*Activity*: Would you please copy each line below that includes the string "Card"?

*Raw data*:
※ ※ ※
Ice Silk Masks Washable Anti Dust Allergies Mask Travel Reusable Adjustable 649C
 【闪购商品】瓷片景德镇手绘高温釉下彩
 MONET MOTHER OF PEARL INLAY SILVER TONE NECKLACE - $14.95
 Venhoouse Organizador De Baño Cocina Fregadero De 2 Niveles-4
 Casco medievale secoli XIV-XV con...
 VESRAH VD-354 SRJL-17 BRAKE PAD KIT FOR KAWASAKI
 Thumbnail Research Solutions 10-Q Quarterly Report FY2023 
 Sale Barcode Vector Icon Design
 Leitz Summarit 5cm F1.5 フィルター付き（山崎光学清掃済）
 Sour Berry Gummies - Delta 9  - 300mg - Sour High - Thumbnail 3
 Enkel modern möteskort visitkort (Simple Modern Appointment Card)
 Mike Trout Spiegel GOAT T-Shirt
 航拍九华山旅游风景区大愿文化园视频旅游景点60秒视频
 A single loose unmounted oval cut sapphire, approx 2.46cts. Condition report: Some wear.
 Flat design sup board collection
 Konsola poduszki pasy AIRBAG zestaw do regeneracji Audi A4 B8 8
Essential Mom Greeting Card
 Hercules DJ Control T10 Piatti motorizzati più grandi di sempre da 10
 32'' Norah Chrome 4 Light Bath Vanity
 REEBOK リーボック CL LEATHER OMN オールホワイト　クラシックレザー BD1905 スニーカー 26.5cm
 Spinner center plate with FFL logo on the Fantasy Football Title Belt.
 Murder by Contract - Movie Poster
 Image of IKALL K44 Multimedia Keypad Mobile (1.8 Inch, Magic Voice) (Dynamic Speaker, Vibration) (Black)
※ ※ ※
*Output of the task*:
 Enkel modern möteskort visitkort (Simple Modern Appointment Card)
Essential Mom Greeting Card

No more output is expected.